A saúde entrou definitivamente para a lista das grandes forças que moldam o consumo em Portugal. Mas, ao contrário do que muitas vezes se pensa, essa mudança não se traduz apenas em dietas, suplementos ou produtos “fit”. O estudo “Who Cares? Who Does? Health 2025” da Worldpanel by Numerator mostra que estamos perante uma transformação mais profunda, que passa por preocupações concretas dos consumidores, mudanças geracionais e uma reorganização do cabaz doméstico, com impacto direto no retalho, incluindo o comércio de proximidade.
O estudo “Who Cares? Who Does? Health 2025”, da Worldpanel by Numerator, revela uma transformação silenciosa, mas profunda, no comportamento do consumidor português. Entre intenções e ações nem sempre coerentes, cresce a procura por produtos que equilibrem saúde, sabor, conveniência e confiança. Da redução do açúcar ao afastamento do álcool, passando pela ascensão dos produtos funcionais, dos probióticos e das alternativas 0.0, o retalho enfrenta um consumidor que já não compra apenas por hábito, mas por propósito, ainda que esse propósito se manifeste de formas complexas e nem sempre lineares.
A primeira evidência relevante é a distância entre aquilo que o consumidor declara e aquilo que realmente compra. Um número elevado de portugueses afirma querer reduzir o açúcar, mas os dados de compra mostram que, na prática, os gastos com categorias indulgentes — chocolate, doces, pastas para barrar e gelados — aumentam mesmo entre os consumidores que dizem querer moderar a ingestão de açúcar.
Esta contradição não traduz incoerência; traduz realismo. Ao aprofundar a análise dentro das categorias, o estudo mostra que os consumidores não estão a abandonar o prazer, mas a redefini-lo.

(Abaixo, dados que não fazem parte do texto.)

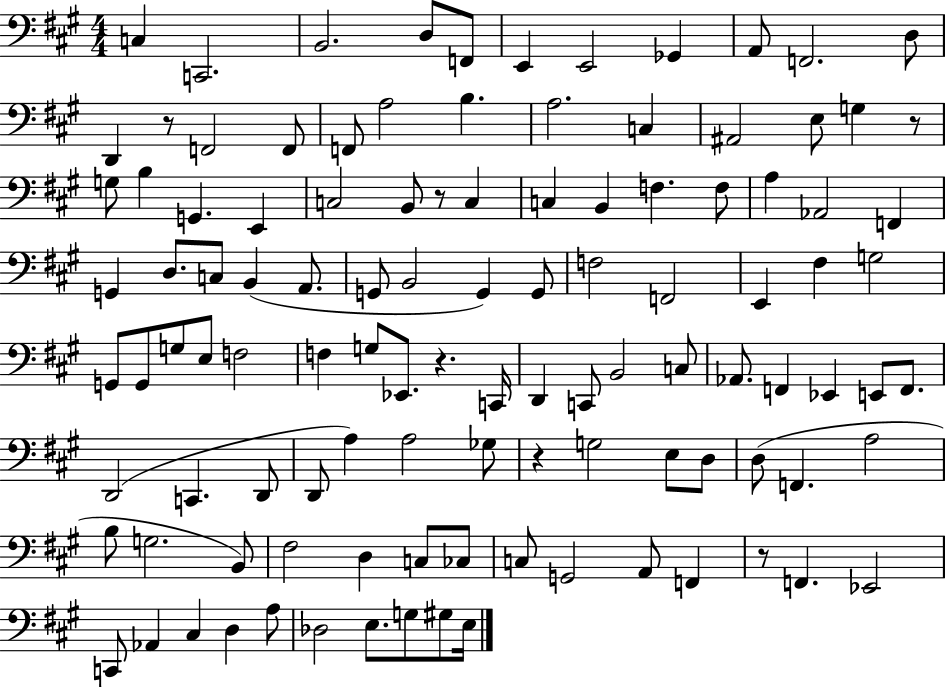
C3/q C2/h. B2/h. D3/e F2/e E2/q E2/h Gb2/q A2/e F2/h. D3/e D2/q R/e F2/h F2/e F2/e A3/h B3/q. A3/h. C3/q A#2/h E3/e G3/q R/e G3/e B3/q G2/q. E2/q C3/h B2/e R/e C3/q C3/q B2/q F3/q. F3/e A3/q Ab2/h F2/q G2/q D3/e. C3/e B2/q A2/e. G2/e B2/h G2/q G2/e F3/h F2/h E2/q F#3/q G3/h G2/e G2/e G3/e E3/e F3/h F3/q G3/e Eb2/e. R/q. C2/s D2/q C2/e B2/h C3/e Ab2/e. F2/q Eb2/q E2/e F2/e. D2/h C2/q. D2/e D2/e A3/q A3/h Gb3/e R/q G3/h E3/e D3/e D3/e F2/q. A3/h B3/e G3/h. B2/e F#3/h D3/q C3/e CES3/e C3/e G2/h A2/e F2/q R/e F2/q. Eb2/h C2/e Ab2/q C#3/q D3/q A3/e Db3/h E3/e. G3/e G#3/e E3/s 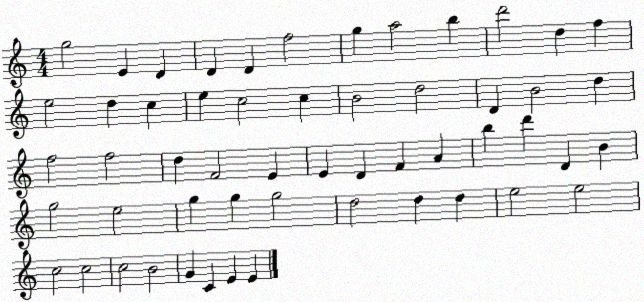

No caso das tabletes de chocolate, os segmentos sem açúcar, de baixo teor ou com stevia ganham expressão, aumentando 4,8 pontos percentuais (p.p.) em penetração, enquanto as versões tradicionais com açúcar perdem 1,7 pontos percentuais. O preço médio pago por estes segmentos “mais saudáveis” é 12% superior ao da categoria, sinalizando que o consumidor está disposto a pagar mais para equilibrar prazer e consciência.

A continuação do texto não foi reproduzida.